Can Russia Really Sideline the U.S. in the Latest Syria Peace Process?
This undated photo claims to show Russian military engineers in an armored personnel carrier, Aleppo, Syria (Russian Defense Ministry Press Service photo via AP).

If there is only one certainty about the Syrian civil war, it is that any ultimate resolution of the conflict at this point will be horribly unsatisfying, politically and morally. The current tenuous cease-fire and peace process negotiated and overseen by Russia, Turkey and Iran is just that on both counts. But despite all its many flaws, it—or any other arrangement that effectively silences the guns and opens at least the possibility of a lasting political accommodation—represents a lesser evil than continued fighting.

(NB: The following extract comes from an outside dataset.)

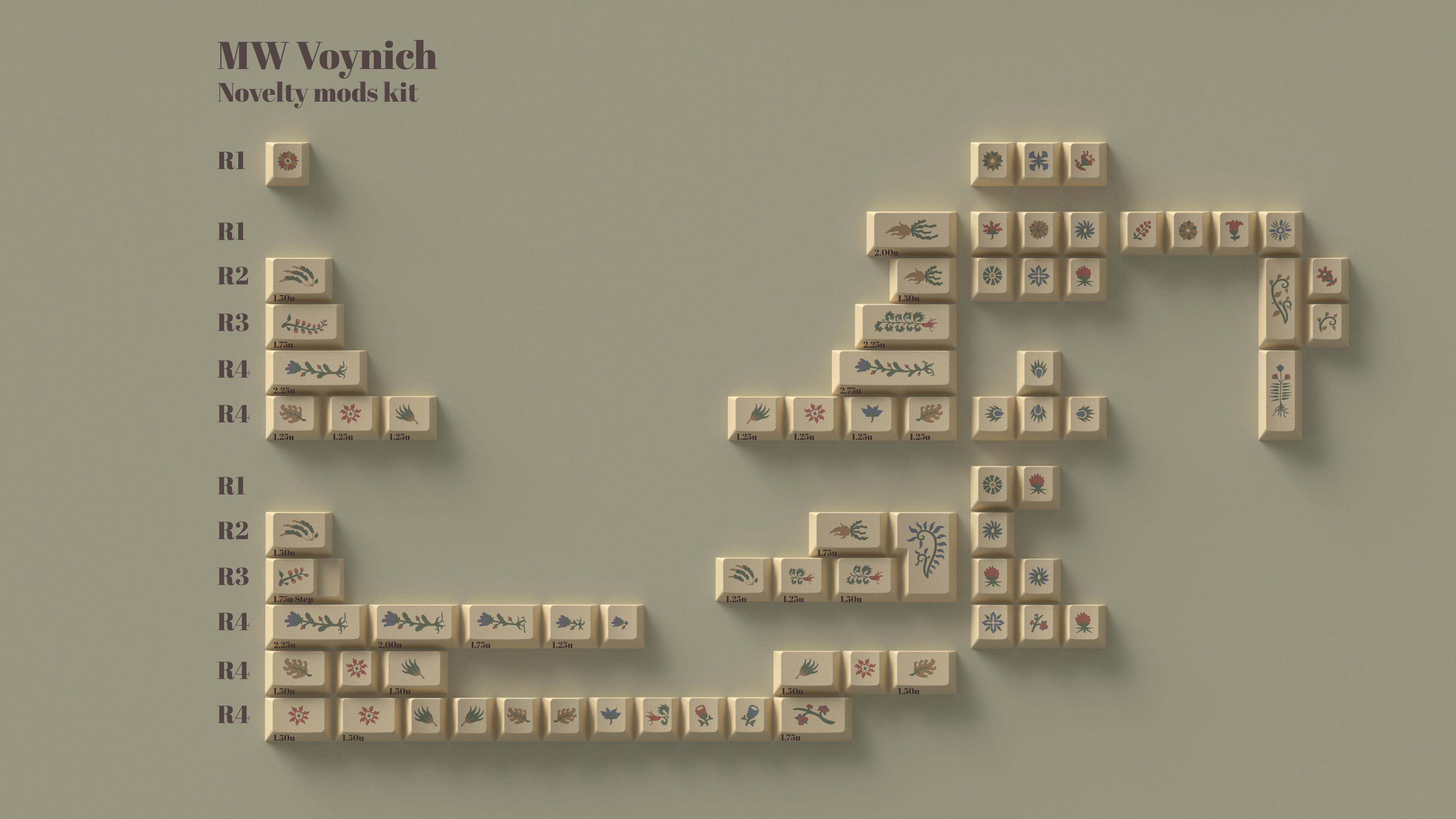 MW Voynich | Shipping to vendors and customers! image 8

The deal’s flaws are immediately obvious. To begin with, it is the result of a military onslaught against rebel-held areas of Aleppo that has shocked the world’s conscience with its brutality. If the process results in a durable peace, it will indeed be the “peace of the dead,” with alarming implications for conflict-resolution norms that have evolved significantly in the past decade and a half, in part due to the counterinsurgency doctrine involving less lethal force that was implemented by the U.S. military in Iraq and Afghanistan.

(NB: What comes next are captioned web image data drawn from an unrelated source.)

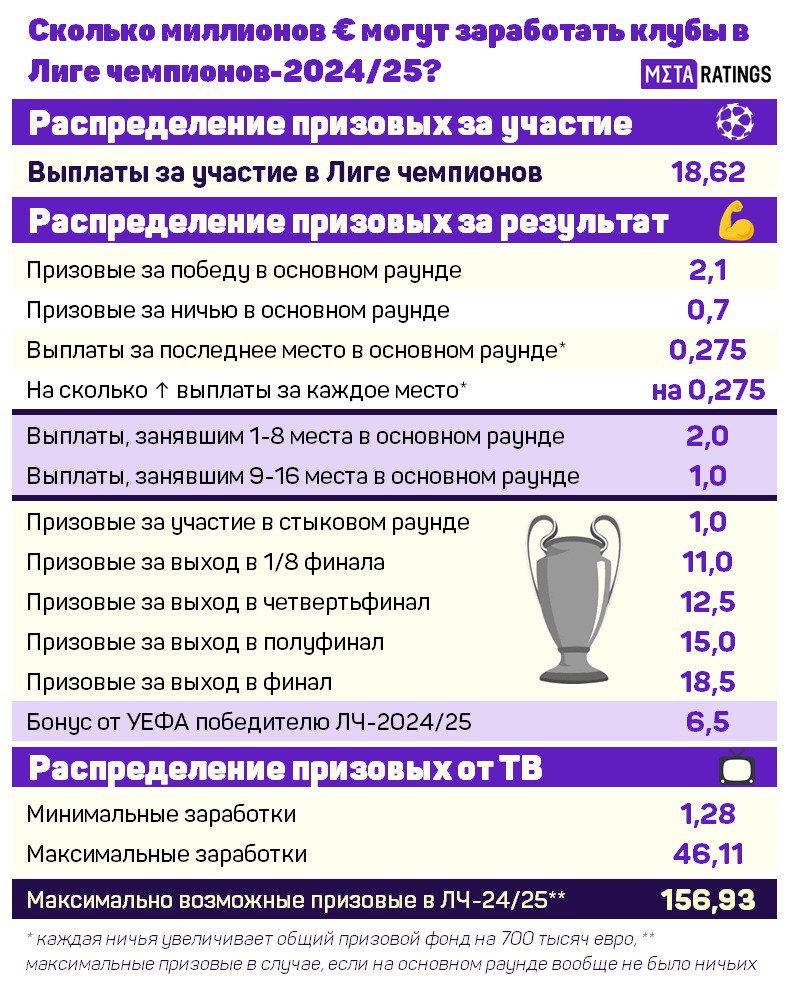 Сколько миллионов евро могут заработать клубы в Лиге чемпионов-2024/25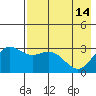 Laska Cove tide chart for Sunday, May 14, 2023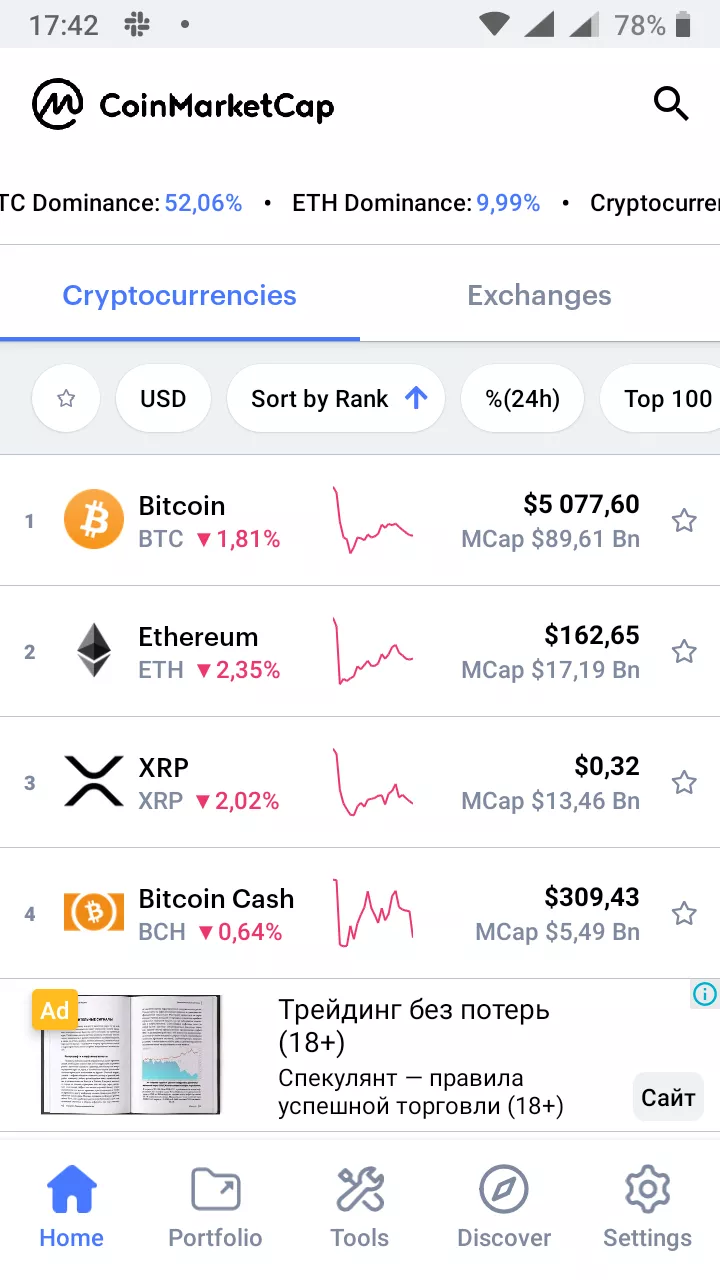 CoinMarketCap выпустил приложение для Android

Another flaw from the U.S. perspective is the exclusion of Washington from the initial phases of the process. A new round of talks is set to take place later this month in Kazakhstan’s capital, Astana, between the Assad regime and some part of the Syrian opposition, with other parties set to become involved only at a later unspecified time. Following years of futile U.S. diplomatic efforts to reach a similar accord with Russia, the snub further demonstrates the limits of American influence over the course and outcome of Syria’s war. This is mainly due to a conscious decision by the Obama administration to limit its involvement, exacerbated by its inability to rein in American partners, particularly Turkey and the Gulf states, from arming proxies to escalate the conflict. Russia’s decisive military intervention may now have convinced those U.S. partners what Washington could not: that continued fighting is futile.